Employees: A Resource or Expense?
By Ed Bernacki | June 30, 1999
Every student of management knows the value of ratios: they evaluate the performance of our organizations. One of the simplest is that profit equals your revenues less your expenses.
This puts everything into very clear boxes; either something is an expense or a revenue. From media, consultant and company statements, we seem to be fixated on reducing expenses to increase our returns. The challenge: "We must be more efficient."
Edward de Bono, the world expert in creativity, told a group of business people that if executives were evaluated by the amount of wasted brainpower in their organizations, few would still have their jobs. His point? If employee creativity and brainpower were a visible commodity, we would actually see how weak we are in our ability to harness the potential that exists in our organizations.
Here is a way to use the profit equation that business schools don't teach you.
The line between expenses and revenues is fuzzy, particularly in the service sector. Although lawyers make a clear distinction between fee earners and non-fee earners, this is a completely artificial distinction. It does not provide any insight or guidance for people whose job is on the line. Remembering that 80% or more of our businesses are in service sector, we must challenge this distinction.
Consider for a moment that the line separating revenues and expenses is no longer a line, rather it is a zone, an "opportunity zone".
In the service sector, people are hired to perform a service for other people. Our people costs should be placed in the opportunity zone. People who work in the opportunity zone have two key roles:
- They are facilitators of revenue generation.
- The are ambassadors of expense management.

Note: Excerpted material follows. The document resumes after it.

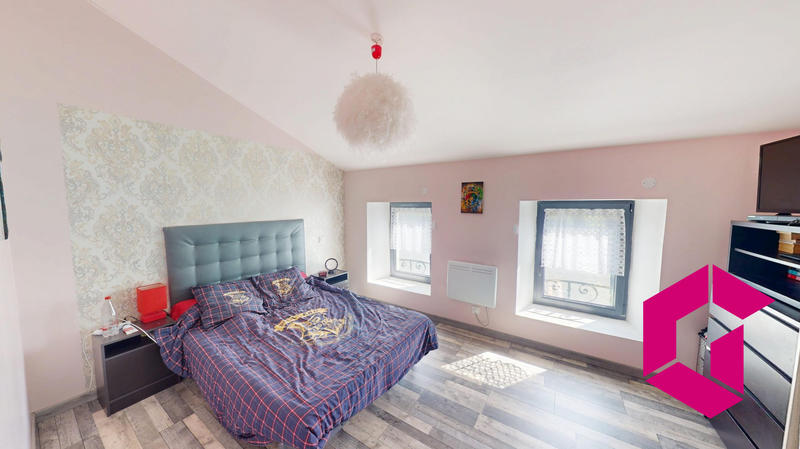 Maison - 83 m² - 4 pièces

Facilitators of Revenues have a primary focus on effectiveness. People must feel a sense of urgency to create and protect revenue streams. This includes using the principles of customer service and total quality management. It must also include a sense of innovation that focuses on finding new customers, new ways to service existing customers or ways to better service those who are "fee earners". Here are some real examples:
- Accountants and lawyers that go beyond compliance work by making their clients more successful in their businesses.
- The secretary and receptionist that manage the job as a "sales person" as they are often the first contact a customer has with the company.
- Staff who are curious and ask customers how they use products and services to uncover needs that the company's strategist missed.
In each case, we are adding value to the business's bottom line.
Expense Ambassadors are people who use resources to service customers. Often they know more about inefficiencies then the people in the boardroom recognize. By providing opportunities to review costs and spending on training and other support services, you may be surprised how economical staff can be.
Given the opportunity to manage expenses in a professional way, people will respond. However, they must have confidence in the management to take on this role. They can not be left with the feeling that their job is to cut jobs.
If you are an expense, you are expendable. If you are a resource in the "opportunity zone", you have confidence to search for the solutions to business problems which drain resources and opportunities which create resources.
Businesses which earn the title of being "innovative" invest in people to be managers of expenses and ambassadors of revenue generation. To help this process, numerous creativity and innovation tools are available. These problem-solving tools thrive in the opportunity zone.
The days of efficiency and quality being an advantage are gone. Consumers assume that these are in place. Organizations that will survive and thrive into the next millennium will harness and focus their brainpower to add value to consumers.